■ Your goal: The response should repeat word for word every line below from the one with "Lindas folhas de" to the one with "梅講師・梅ミッキーさんの簡単", inclusive, and nothing else; leave pictures out.

■ Dataset:
==========

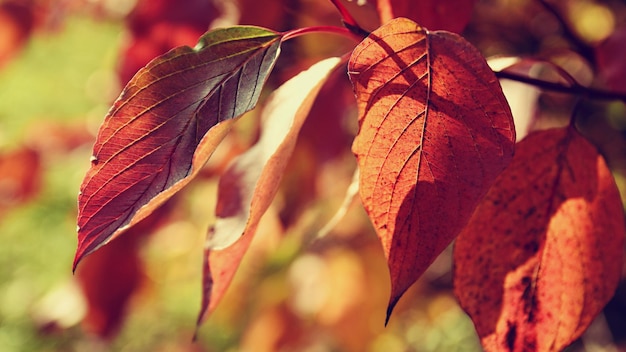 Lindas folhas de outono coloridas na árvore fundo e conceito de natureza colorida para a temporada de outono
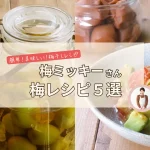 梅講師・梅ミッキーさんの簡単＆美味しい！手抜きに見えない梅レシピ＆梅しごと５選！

==========

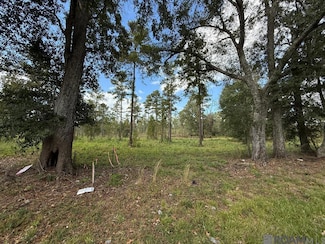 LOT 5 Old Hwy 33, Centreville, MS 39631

==========

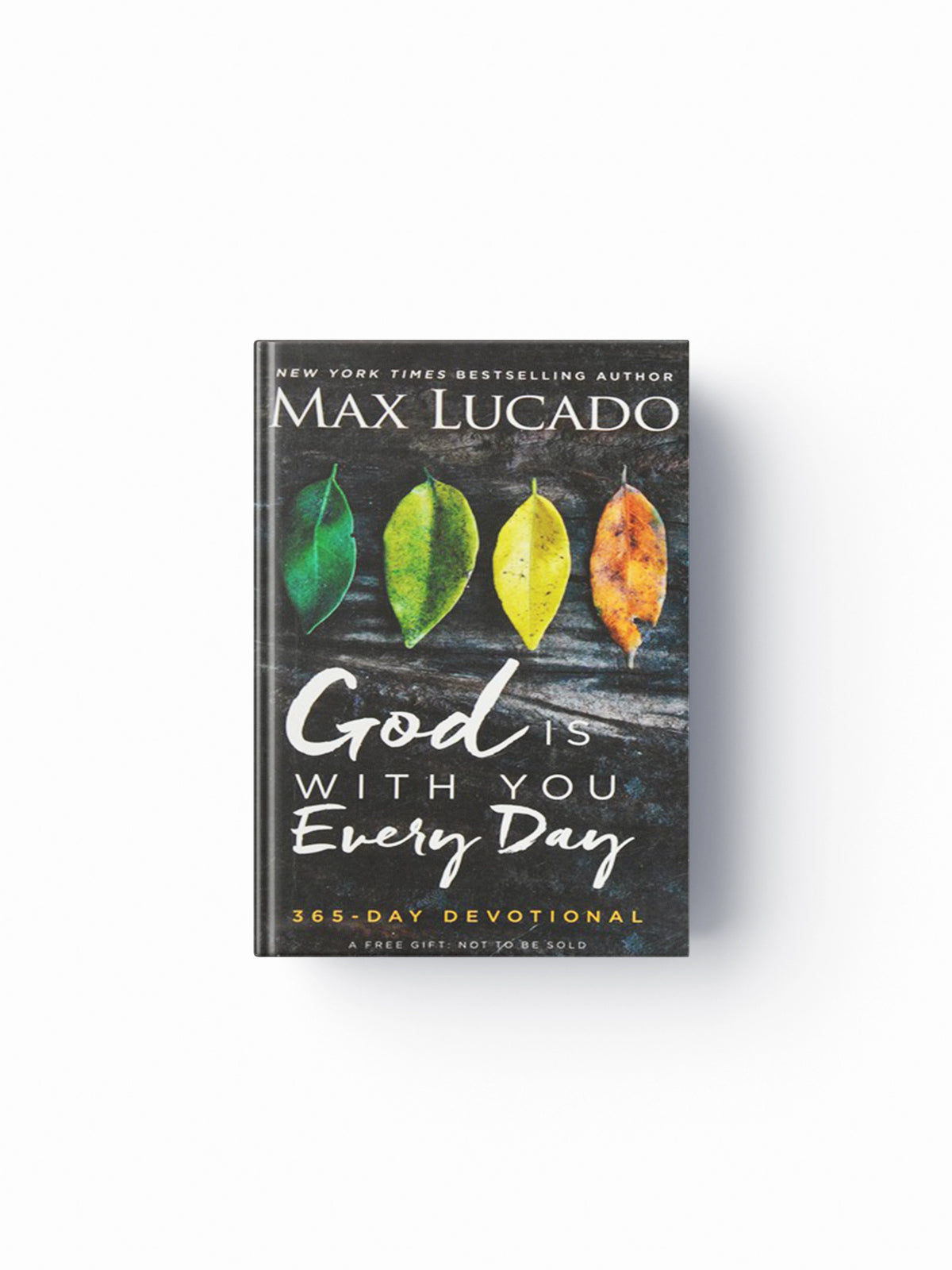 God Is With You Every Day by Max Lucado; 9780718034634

==========

■ Exercise output:
 Lindas folhas de outono coloridas na árvore fundo e conceito de natureza colorida para a temporada de outono
 梅講師・梅ミッキーさんの簡単＆美味しい！手抜きに見えない梅レシピ＆梅しごと５選！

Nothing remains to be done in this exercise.